WHAT IS EXPECTED ->
Go through the entries below and copy each line containing the word "Black".

DATA EXCERPTS ->
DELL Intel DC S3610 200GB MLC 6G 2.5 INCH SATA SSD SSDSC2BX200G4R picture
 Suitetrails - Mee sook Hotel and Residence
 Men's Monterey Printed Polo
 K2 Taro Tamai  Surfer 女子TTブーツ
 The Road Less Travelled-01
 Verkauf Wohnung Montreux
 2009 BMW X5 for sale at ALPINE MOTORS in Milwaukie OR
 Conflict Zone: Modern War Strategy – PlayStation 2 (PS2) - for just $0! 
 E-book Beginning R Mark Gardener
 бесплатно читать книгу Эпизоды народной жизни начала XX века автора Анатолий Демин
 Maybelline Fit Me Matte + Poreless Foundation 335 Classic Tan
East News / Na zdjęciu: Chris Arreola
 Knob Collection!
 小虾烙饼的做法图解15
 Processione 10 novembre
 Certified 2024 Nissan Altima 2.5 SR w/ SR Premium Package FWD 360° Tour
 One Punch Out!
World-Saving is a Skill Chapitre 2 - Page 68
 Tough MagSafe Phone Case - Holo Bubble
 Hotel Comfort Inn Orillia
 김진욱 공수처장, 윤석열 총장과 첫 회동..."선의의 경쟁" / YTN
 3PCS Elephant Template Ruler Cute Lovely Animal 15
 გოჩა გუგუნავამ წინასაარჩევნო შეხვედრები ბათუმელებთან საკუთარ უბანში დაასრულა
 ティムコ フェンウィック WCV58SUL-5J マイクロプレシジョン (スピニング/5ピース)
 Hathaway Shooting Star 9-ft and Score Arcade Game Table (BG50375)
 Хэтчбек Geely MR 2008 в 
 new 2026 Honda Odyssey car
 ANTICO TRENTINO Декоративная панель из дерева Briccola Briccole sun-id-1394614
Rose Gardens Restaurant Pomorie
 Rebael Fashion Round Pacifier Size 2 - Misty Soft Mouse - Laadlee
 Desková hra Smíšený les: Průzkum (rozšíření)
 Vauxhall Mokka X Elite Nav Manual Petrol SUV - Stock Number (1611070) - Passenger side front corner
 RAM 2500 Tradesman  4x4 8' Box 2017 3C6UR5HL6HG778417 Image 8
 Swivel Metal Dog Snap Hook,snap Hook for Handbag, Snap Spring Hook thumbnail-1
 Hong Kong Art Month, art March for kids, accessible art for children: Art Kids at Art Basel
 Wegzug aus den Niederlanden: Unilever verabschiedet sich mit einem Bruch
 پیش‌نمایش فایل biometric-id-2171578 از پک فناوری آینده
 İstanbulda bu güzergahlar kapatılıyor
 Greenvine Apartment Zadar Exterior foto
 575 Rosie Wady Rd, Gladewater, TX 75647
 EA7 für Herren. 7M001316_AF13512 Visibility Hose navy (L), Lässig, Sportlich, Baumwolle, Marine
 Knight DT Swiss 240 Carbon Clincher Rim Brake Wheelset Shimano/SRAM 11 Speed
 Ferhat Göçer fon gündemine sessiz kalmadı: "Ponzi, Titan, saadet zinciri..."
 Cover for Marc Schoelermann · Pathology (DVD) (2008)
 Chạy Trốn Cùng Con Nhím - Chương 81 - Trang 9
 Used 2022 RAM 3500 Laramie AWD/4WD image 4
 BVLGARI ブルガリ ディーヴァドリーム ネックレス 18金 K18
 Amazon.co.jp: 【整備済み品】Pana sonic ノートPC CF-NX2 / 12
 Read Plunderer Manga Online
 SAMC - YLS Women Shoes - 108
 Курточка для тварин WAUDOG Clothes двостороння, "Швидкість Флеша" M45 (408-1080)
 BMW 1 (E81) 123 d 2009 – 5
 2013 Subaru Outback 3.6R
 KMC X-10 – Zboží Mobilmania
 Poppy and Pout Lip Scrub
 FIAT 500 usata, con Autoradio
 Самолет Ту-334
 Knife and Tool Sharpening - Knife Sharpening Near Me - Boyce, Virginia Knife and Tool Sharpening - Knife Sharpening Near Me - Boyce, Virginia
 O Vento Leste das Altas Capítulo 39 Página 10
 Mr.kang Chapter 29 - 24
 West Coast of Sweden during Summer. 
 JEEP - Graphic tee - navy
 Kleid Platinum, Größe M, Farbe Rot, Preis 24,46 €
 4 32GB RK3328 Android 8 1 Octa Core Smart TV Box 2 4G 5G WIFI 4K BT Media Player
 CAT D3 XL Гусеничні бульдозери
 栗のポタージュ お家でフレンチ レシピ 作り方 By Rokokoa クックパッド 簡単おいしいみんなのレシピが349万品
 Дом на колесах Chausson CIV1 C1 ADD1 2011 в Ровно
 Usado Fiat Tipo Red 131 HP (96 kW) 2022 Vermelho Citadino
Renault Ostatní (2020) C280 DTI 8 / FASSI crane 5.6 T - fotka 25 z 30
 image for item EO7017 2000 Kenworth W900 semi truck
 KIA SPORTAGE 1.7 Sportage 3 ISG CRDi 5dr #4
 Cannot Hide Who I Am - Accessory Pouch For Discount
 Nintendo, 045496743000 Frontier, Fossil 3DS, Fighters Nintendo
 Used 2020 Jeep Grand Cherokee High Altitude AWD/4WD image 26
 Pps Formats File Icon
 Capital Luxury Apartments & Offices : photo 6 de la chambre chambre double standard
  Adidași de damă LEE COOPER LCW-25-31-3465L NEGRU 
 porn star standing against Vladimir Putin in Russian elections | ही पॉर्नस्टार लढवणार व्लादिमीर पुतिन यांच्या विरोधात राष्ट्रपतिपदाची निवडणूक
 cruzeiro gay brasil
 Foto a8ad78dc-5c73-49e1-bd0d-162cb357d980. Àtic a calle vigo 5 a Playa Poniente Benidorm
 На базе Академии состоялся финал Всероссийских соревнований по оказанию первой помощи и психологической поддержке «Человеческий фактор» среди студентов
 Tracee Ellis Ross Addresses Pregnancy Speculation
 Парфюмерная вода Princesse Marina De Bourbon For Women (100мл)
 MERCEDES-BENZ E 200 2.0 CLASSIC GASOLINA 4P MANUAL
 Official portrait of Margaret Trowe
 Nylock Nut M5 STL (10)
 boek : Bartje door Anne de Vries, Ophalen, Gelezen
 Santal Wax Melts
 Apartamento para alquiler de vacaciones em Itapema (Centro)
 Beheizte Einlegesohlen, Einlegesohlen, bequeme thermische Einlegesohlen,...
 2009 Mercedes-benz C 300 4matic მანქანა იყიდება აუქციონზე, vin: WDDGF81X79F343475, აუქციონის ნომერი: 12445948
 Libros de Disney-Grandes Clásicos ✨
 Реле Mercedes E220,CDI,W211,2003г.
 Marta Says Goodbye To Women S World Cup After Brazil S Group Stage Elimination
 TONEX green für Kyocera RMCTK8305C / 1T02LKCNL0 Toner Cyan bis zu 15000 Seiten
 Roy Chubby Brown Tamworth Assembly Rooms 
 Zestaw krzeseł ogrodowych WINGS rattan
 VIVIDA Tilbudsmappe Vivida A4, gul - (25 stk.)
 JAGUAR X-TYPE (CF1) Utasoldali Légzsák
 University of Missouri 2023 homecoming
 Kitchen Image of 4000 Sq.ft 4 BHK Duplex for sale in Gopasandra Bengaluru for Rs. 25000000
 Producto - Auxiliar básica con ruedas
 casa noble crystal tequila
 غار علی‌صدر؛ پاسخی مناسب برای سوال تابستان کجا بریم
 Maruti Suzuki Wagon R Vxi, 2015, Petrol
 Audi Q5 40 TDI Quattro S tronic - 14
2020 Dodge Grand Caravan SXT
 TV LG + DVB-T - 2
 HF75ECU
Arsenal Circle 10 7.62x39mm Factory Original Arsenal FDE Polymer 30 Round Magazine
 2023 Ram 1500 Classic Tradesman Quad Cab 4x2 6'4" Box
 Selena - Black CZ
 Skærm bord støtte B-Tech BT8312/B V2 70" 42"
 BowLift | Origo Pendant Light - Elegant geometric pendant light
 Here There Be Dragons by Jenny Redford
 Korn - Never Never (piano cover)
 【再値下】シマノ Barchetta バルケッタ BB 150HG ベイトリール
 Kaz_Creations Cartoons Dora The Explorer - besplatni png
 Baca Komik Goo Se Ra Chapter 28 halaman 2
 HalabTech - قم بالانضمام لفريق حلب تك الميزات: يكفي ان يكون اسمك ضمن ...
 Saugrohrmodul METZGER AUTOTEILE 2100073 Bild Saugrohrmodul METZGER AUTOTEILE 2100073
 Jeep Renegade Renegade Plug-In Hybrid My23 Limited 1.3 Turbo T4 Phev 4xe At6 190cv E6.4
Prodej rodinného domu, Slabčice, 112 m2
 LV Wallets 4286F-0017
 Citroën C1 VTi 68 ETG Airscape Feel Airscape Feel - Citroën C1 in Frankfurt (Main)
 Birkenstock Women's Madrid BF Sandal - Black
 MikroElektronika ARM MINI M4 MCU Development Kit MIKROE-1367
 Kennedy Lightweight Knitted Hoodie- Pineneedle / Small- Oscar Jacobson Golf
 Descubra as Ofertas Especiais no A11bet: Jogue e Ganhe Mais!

FINISHED EXERCISE ->
 Selena - Black CZ
 Birkenstock Women's Madrid BF Sandal - Black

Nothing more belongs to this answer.